I knew I’d have to read what he said a few times after I listened to the tape I made.  John Trudell was deep, so deep, with level upon level of meaning in both his spoken words and lyrics.  I’d hear him, then I’d process more after a second or third listen… I can’t forget what he said about power and responsibility – you’ll read what he said in this interview.  With the next presidential election whirling around us, it’s hard not to feel powerless. But we are not powerless.

You all know John was an great actor. He was unforgettable in the movie THUNDERHEART.  (Top Photo.) I was lucky to interview him more than once.  (I spoke with him at the Honor the Earth powwow in 1999 in Wisconsin.)  John had a fiery spirit yet he was also fragile.  I felt good energy all around him; his strength was palpable.  After he lost his family, everyone wondered how he’d survive that, even years later. I don’t know how any human could survive intact after your entire family was killed by a house fire.  John did.  John mourned deeply and soared above loss.

From my notes, I was glad when Trudell explained how belief (as in religion belief) takes the place of thinking. I jotted in my notes, “Don’t believe – THINK.  We put a whole lot of energy into HOPE and BELIEF and that energy falls into a void and disappears…. You BELIEVE so you don’t have to think…… You HOPE so you don’t have to truly act – it’s a sedation (drug). Nothing changes, religion is brainwashing the consciousness of people desperate to believe…. this just puts the mind in a prison…
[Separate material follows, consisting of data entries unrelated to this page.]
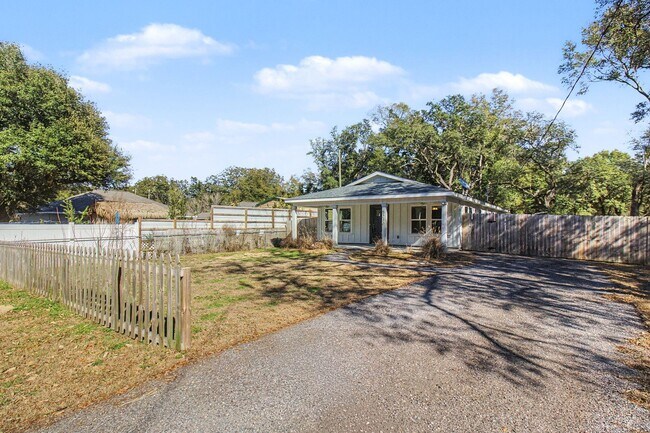 Foto del edificio - 5230 Richburg St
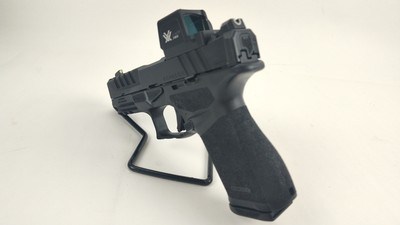 Springfield Armory Echelon™ 4.0C 9mm - 5 Mags - Vortex Venom Red Dot - Excellent Condition - Image 5 of 18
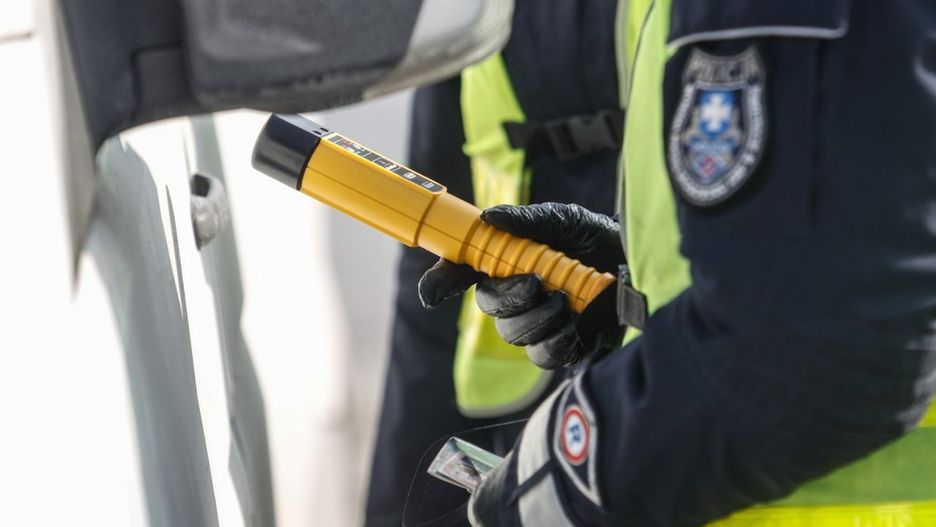 Badanie alkomatem wykazało u kierującej białym suv-em 1,34 mg/l alkoholu w wydychanym powietrzu, czyli ponad 2,6 promila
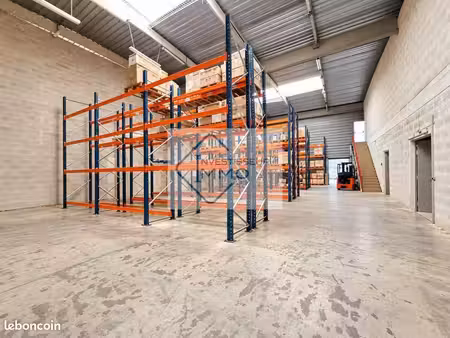 local bureaux 1 501 m²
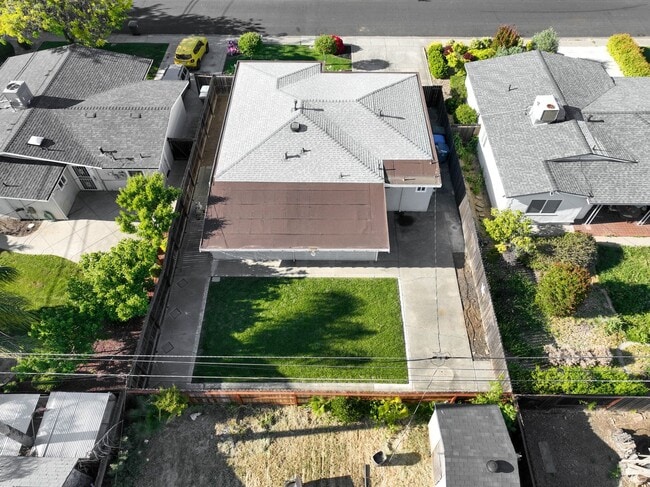 Building Photo - Beautiful Vacaville Home Near Parks, Schools & Shopping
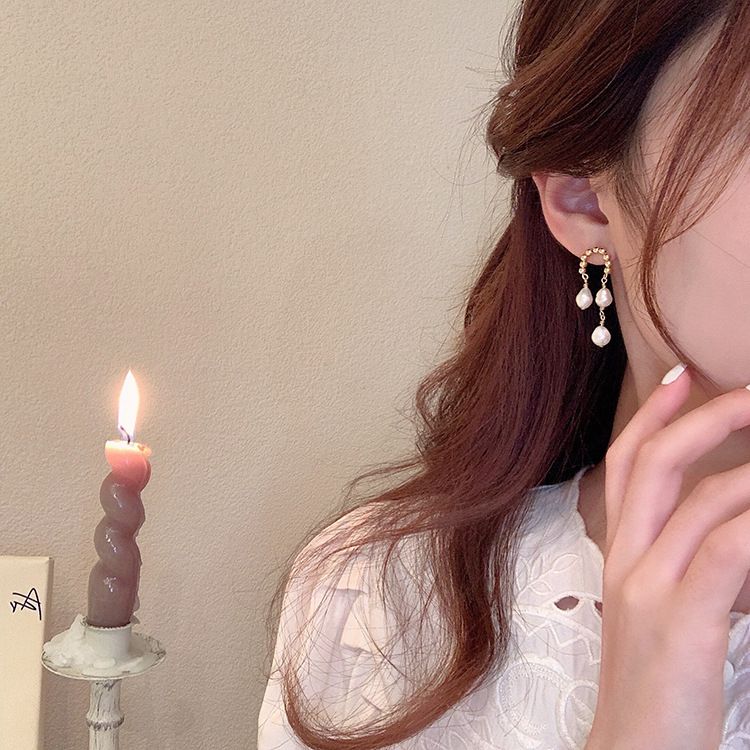 Bông Tai MADAME HIEN PEARLS Bạc 925 Mạ Dáng Dài Đính Ngọc Trai Tua Rua Thời Trang BTG021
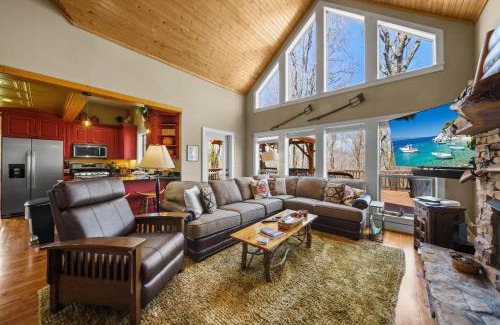 Charter Hills House | Cozy Cabin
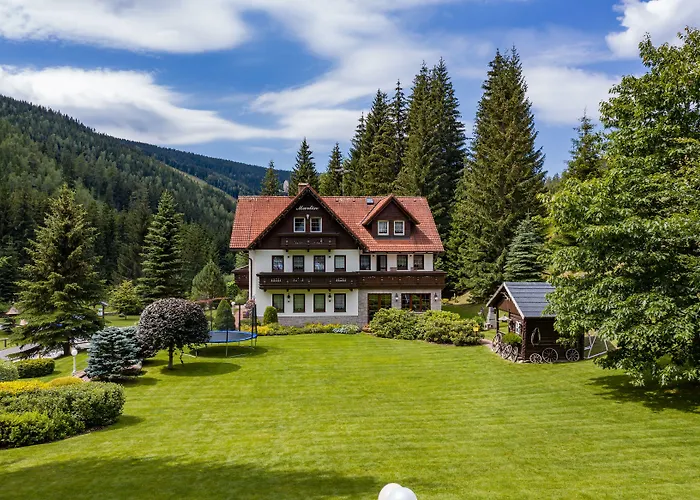 Martin & Kristyna Szálloda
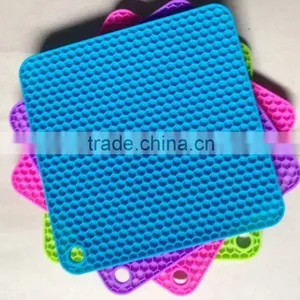 2016 Assorted Colors Honeycomb Fancy Silicone Heat Resistant Coasters Cup Insulation Mat ---coffee Cup Mats thumbnail-1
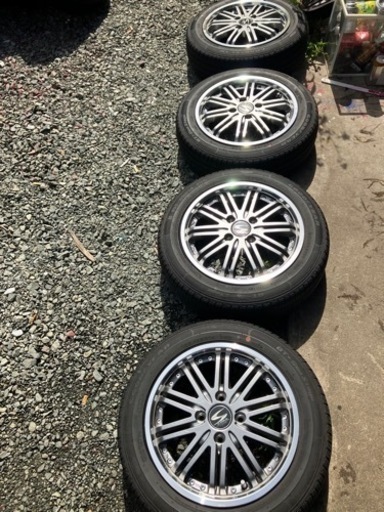 14インチ綺麗、軽自動車に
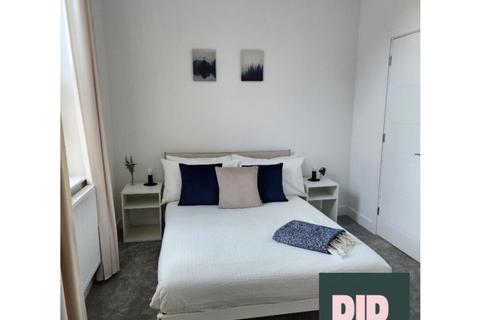 1 bedroom in a flat share to rent, Bath Road, Bristol BS4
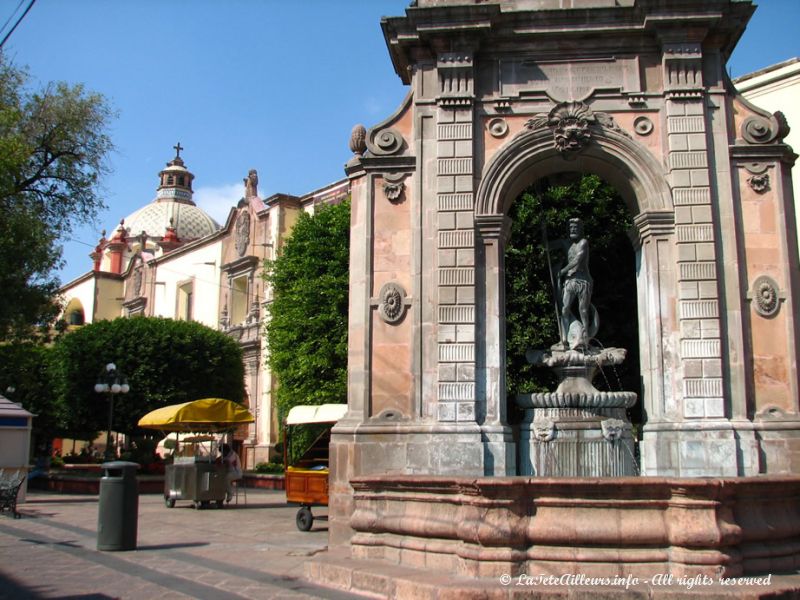 La statue de Neptune devant l'église Santa Clara de Jesus
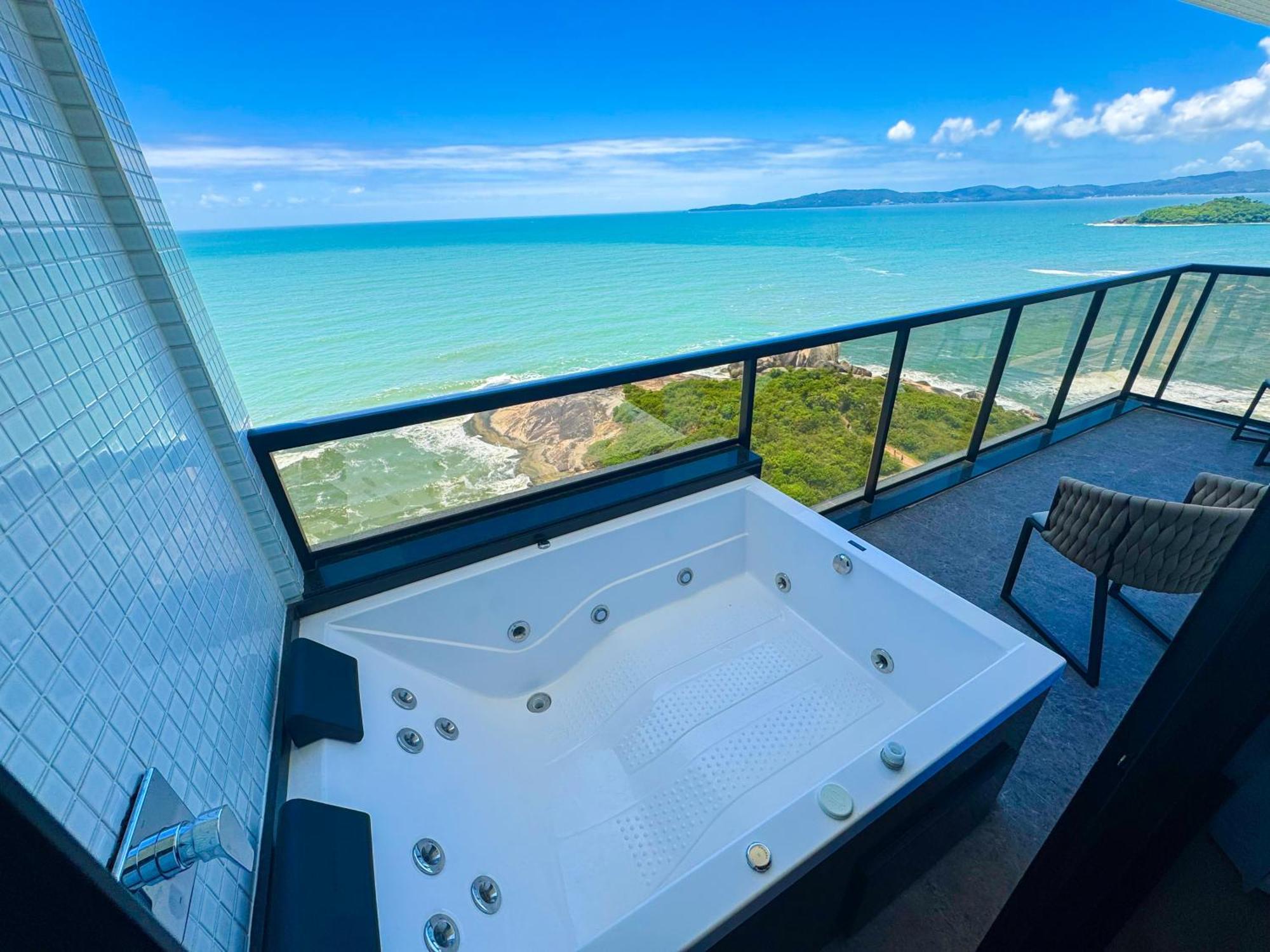 Quarto Família com Banheira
“Violence, terror and traumas has defeated tribal belief systems from tribal Europe thru today… and then the traumatized blame themselves….. and the beast continues to get bigger.  The answer is NON-COOPERATION and a clear thinking human being….”  Trudell didn’t waste any words.

The story I’d heard about Trudell (more than once) was he could walk into a group of angry white ranchers full of their prejudice about Indian people and they’d all walk out of the room with their arms over each others shoulders.  That was John.

Here’s what I wrote up back in 2000…

 

Trudell kicks off Pequot Museum concert series

Poet, activist, prophet, American Indian Movement (AIM) founder, actor and recording artist John Trudell (Santee), made a concert stop with his band Bad Dog, at the Mashantucket Pequot Museum and Research Center in May (2000).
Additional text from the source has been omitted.